**WORK REQUEST**. Return the data below exactly, please, but drop the pictures.

DATA section start

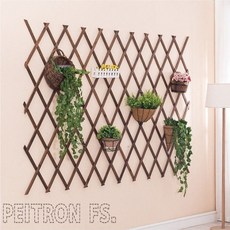 伸縮柵欄 實木圍籬 網格柵 木籬笆 木格柵 花架 攀爬架 爬藤架 木柵欄 伸縮圍籬 伸縮籬笆 【B37】 【沛大旗艦店】, 原木色 200*100 只能宅配, 原木色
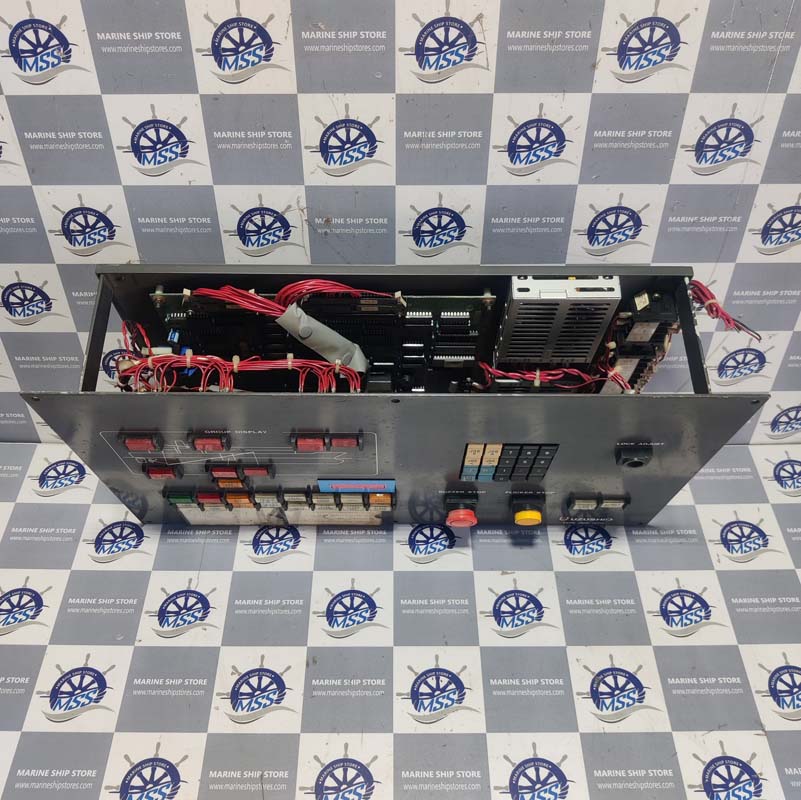 UZUSHIO ELECTRIC UMS-1600 CONTROL PANEL-3 UZUSHIO ELECTRIC UMS-1600 CONTROL PANEL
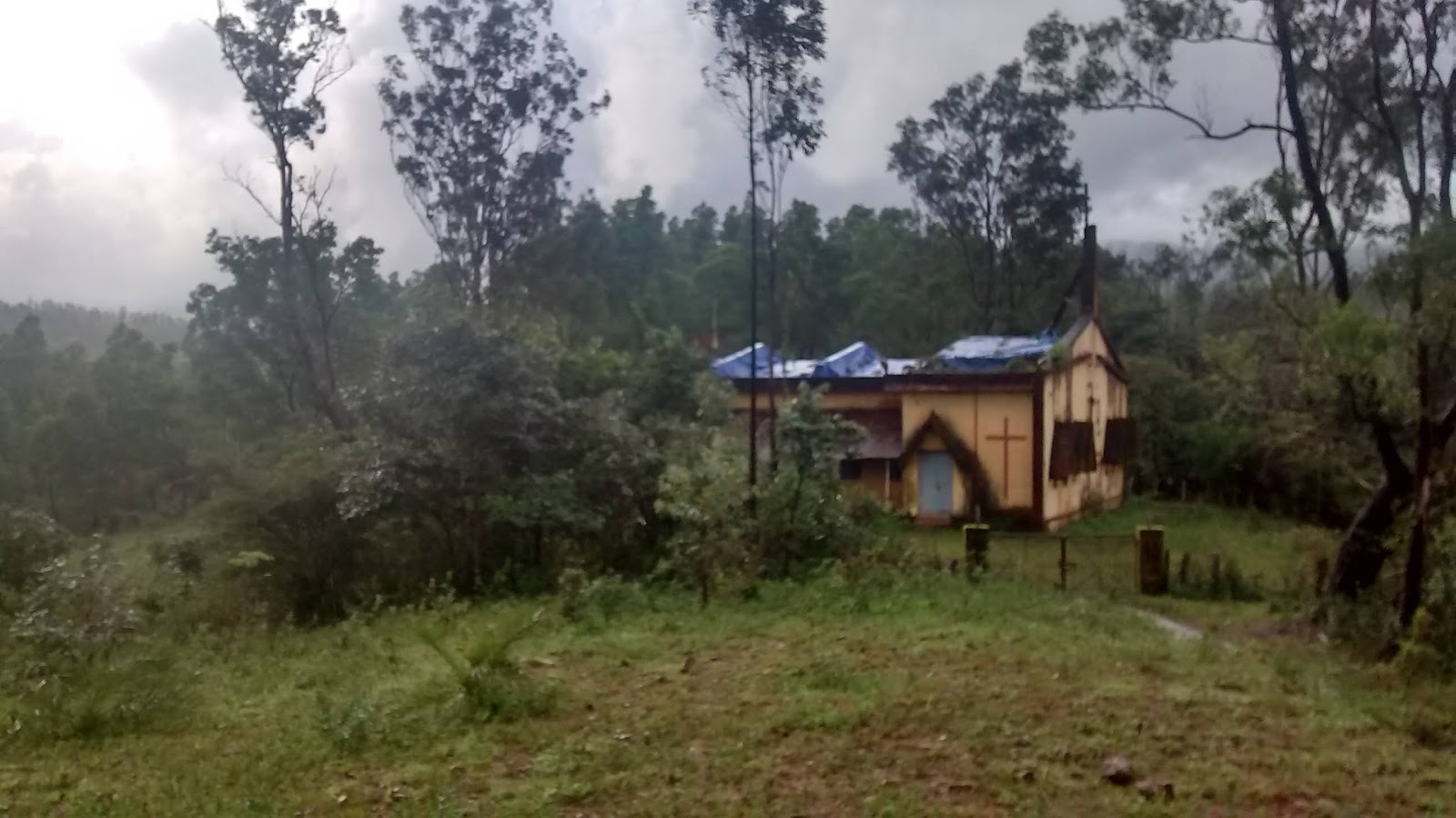 Kudremukh Church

DATA section end

**YOUR SOLUTION**.
 伸縮柵欄 實木圍籬 網格柵 木籬笆 木格柵 花架 攀爬架 爬藤架 木柵欄 伸縮圍籬 伸縮籬笆 【B37】 【沛大旗艦店】, 原木色 200*100 只能宅配, 原木色
 UZUSHIO ELECTRIC UMS-1600 CONTROL PANEL-3 UZUSHIO ELECTRIC UMS-1600 CONTROL PANEL
 Kudremukh Church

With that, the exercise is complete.